• _Instructions to follow_: Once you find the line containing "Epic Emma ID Cards.jpg", set down exactly that line and every one after it through the end of the listing below, with both ends included and any pictures omitted.

• _Dataset entries_:
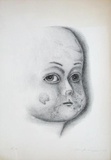 Poupée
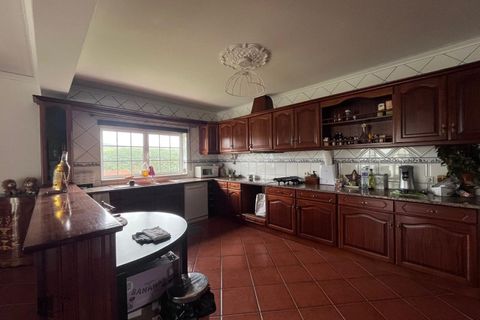Villa i Pombal, Leiria, Pombal - € 450.000 | Ref: P206/2026 - foto 6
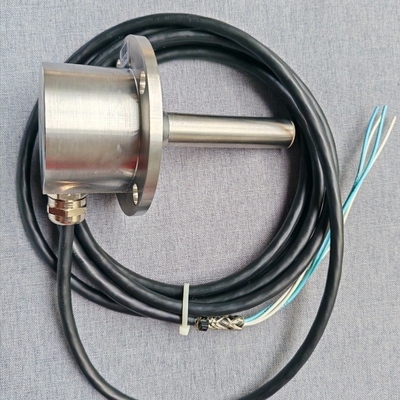 议价MAN气缸油位置传感器，5625289-4，正品议价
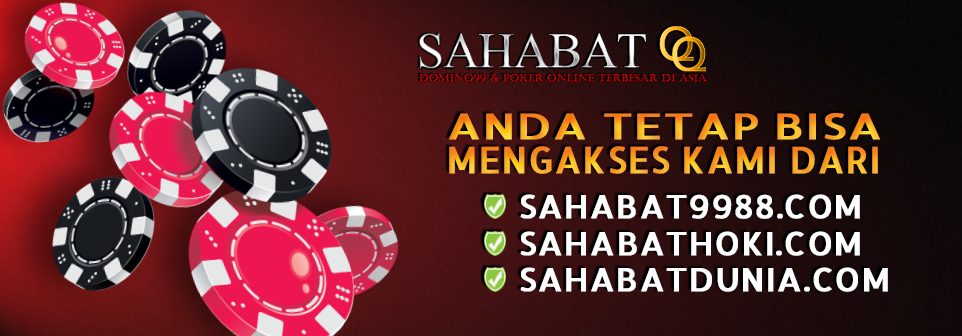 SAHABATQQASIA.COM | AGEN BANDARQ | BANDARQ | DOMINO 99 | SAKONG | BANDAR SAKONG ONLINE - Page 7 NEW_ALT_SQQ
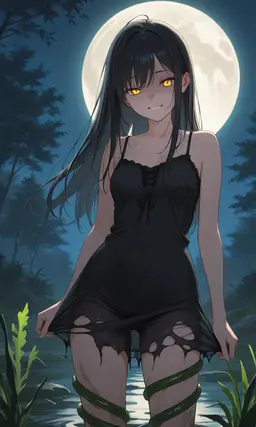 Profile image of 애슐리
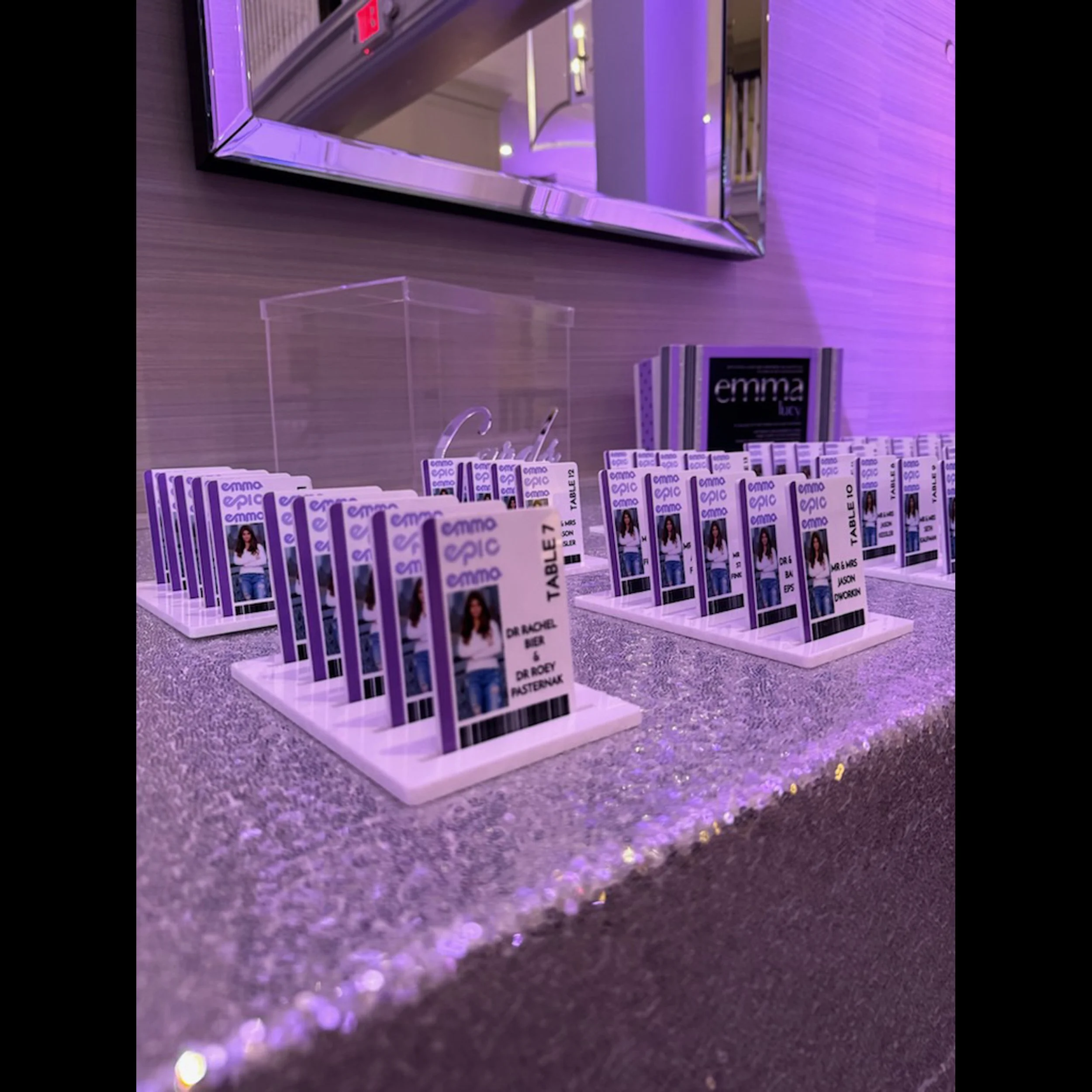 Epic Emma ID Cards.jpg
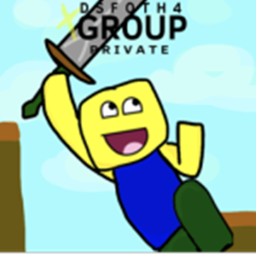 Combat Baseplate Test (Group)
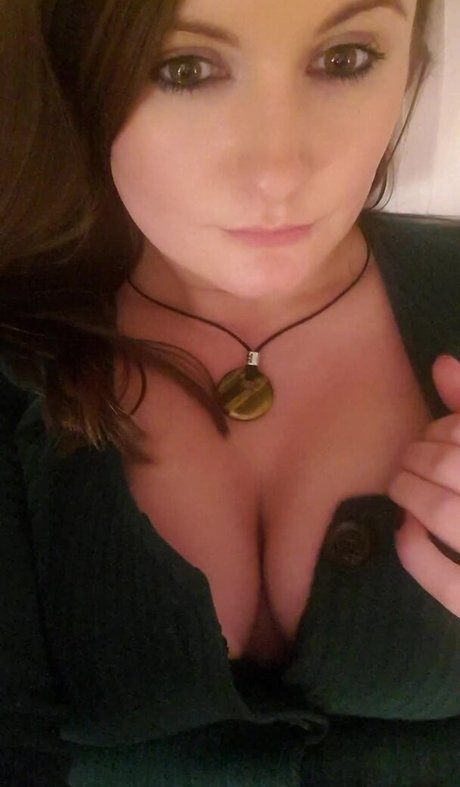 hairy bbw onlyfans naked archive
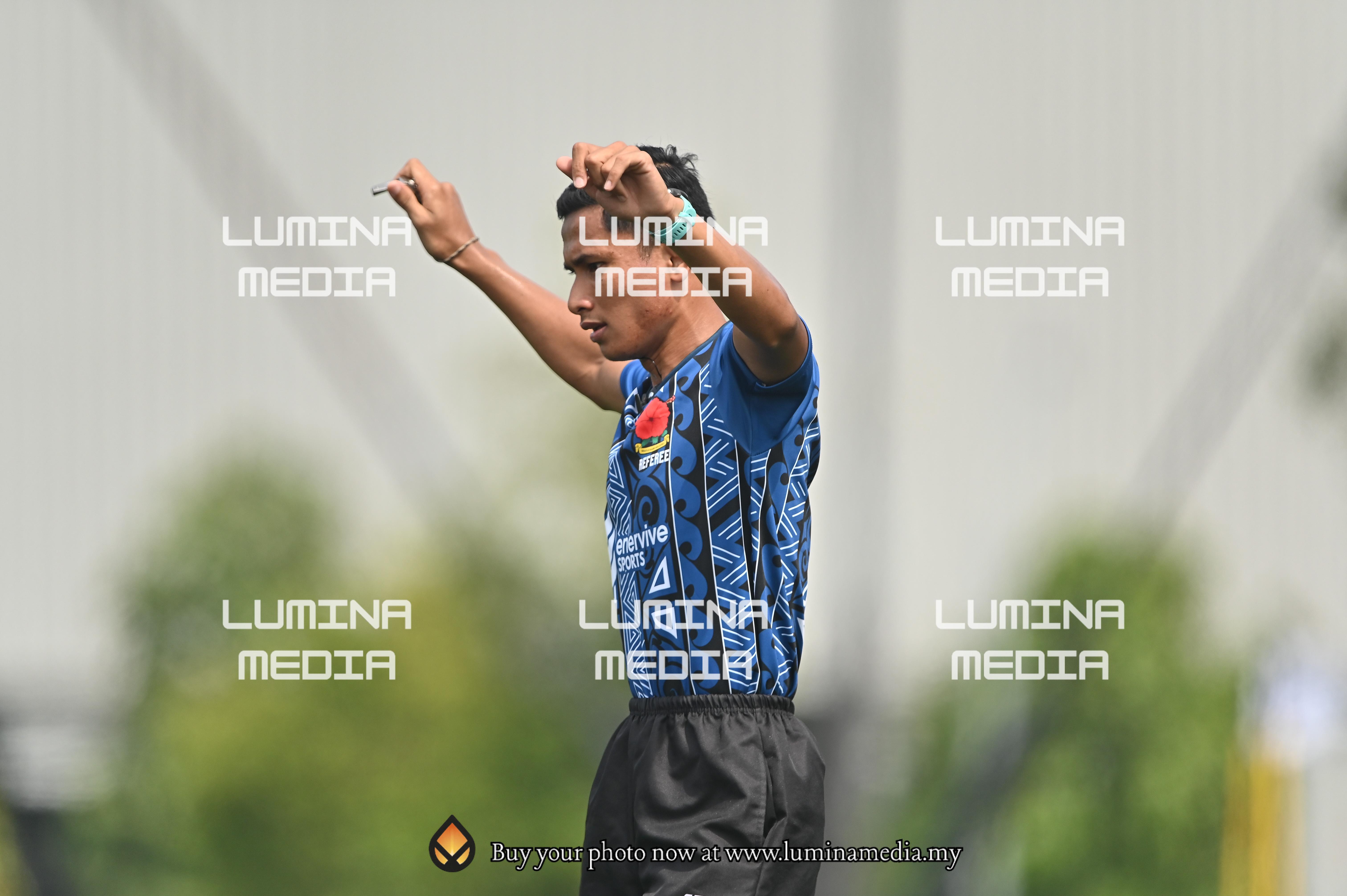 Match46 | SYP vs SMADJIWA | 26 April 2026 | 26042026_SYP_VS_SMADJIWA-18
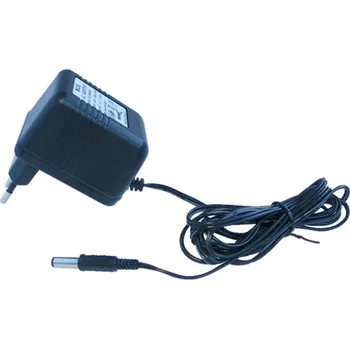 Adaptér 230 V - Ranger AN360, AN490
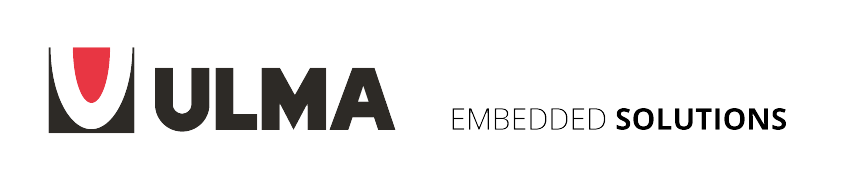 Ulma Embedded Solutions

• _Result of the exercise_:
 Epic Emma ID Cards.jpg
 Combat Baseplate Test (Group)
 hairy bbw onlyfans naked archive
 Match46 | SYP vs SMADJIWA | 26 April 2026 | 26042026_SYP_VS_SMADJIWA-18
 Adaptér 230 V - Ranger AN360, AN490
 Ulma Embedded Solutions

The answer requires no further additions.